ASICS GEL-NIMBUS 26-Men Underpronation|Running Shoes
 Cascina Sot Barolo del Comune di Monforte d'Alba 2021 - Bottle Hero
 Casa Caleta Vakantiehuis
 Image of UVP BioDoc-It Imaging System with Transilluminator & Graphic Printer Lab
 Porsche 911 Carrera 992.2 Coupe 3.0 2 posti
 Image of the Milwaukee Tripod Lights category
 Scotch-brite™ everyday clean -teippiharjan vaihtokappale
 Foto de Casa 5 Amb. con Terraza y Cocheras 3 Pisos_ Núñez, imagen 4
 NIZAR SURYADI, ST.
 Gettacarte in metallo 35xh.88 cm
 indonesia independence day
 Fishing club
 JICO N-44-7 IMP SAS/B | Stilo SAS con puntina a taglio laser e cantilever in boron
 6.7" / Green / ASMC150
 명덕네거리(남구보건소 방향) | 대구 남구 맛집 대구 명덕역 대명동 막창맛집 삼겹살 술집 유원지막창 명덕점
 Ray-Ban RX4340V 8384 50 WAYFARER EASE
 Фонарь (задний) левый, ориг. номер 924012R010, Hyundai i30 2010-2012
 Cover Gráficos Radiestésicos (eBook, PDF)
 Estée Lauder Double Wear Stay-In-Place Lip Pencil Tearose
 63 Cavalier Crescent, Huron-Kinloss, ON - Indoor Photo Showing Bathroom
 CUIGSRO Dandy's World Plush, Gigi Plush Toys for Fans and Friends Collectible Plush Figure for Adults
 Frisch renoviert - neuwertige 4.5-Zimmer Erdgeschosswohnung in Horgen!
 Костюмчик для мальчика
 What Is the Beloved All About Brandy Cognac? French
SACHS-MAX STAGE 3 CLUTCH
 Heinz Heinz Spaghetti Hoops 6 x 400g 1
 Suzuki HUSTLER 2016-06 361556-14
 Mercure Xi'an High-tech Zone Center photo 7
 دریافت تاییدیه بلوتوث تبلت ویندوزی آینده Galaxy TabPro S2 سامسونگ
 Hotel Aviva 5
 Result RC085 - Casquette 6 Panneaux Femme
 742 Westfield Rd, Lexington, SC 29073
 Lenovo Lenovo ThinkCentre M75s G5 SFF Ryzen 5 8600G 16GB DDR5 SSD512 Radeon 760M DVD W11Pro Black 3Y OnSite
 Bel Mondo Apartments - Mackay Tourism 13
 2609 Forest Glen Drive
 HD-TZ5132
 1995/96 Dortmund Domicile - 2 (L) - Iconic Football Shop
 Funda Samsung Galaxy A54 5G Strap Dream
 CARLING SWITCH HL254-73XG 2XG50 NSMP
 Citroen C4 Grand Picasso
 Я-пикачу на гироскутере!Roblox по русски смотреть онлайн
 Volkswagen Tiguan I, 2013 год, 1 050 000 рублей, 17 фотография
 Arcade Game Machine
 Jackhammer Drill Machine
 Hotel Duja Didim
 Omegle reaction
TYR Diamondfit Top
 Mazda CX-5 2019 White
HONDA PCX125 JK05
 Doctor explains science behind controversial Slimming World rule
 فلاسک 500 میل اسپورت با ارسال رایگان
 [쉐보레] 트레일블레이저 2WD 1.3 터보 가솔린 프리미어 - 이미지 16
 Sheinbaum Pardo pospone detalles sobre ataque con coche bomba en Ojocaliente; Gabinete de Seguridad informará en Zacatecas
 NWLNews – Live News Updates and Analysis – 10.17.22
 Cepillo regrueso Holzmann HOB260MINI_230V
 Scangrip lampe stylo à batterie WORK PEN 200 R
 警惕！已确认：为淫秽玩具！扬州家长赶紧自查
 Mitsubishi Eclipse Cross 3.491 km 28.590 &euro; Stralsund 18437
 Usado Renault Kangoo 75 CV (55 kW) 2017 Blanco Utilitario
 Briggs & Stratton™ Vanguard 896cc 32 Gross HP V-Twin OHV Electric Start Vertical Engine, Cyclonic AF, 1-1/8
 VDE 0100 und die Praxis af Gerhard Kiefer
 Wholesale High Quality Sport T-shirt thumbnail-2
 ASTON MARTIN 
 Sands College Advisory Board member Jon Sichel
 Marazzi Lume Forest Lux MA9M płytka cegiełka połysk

- - - -

### Problem requirements:
When the line with "HONDA PCX125 JK05" is reached in the data above, start copying there, and copy each line exactly until the line with "Usado Renault Kangoo" has been copied; copy nothing else.

### Reply to the exercise:
HONDA PCX125 JK05
 Doctor explains science behind controversial Slimming World rule
 فلاسک 500 میل اسپورت با ارسال رایگان
 [쉐보레] 트레일블레이저 2WD 1.3 터보 가솔린 프리미어 - 이미지 16
 Sheinbaum Pardo pospone detalles sobre ataque con coche bomba en Ojocaliente; Gabinete de Seguridad informará en Zacatecas
 NWLNews – Live News Updates and Analysis – 10.17.22
 Cepillo regrueso Holzmann HOB260MINI_230V
 Scangrip lampe stylo à batterie WORK PEN 200 R
 警惕！已确认：为淫秽玩具！扬州家长赶紧自查
 Mitsubishi Eclipse Cross 3.491 km 28.590 &euro; Stralsund 18437
 Usado Renault Kangoo 75 CV (55 kW) 2017 Blanco Utilitario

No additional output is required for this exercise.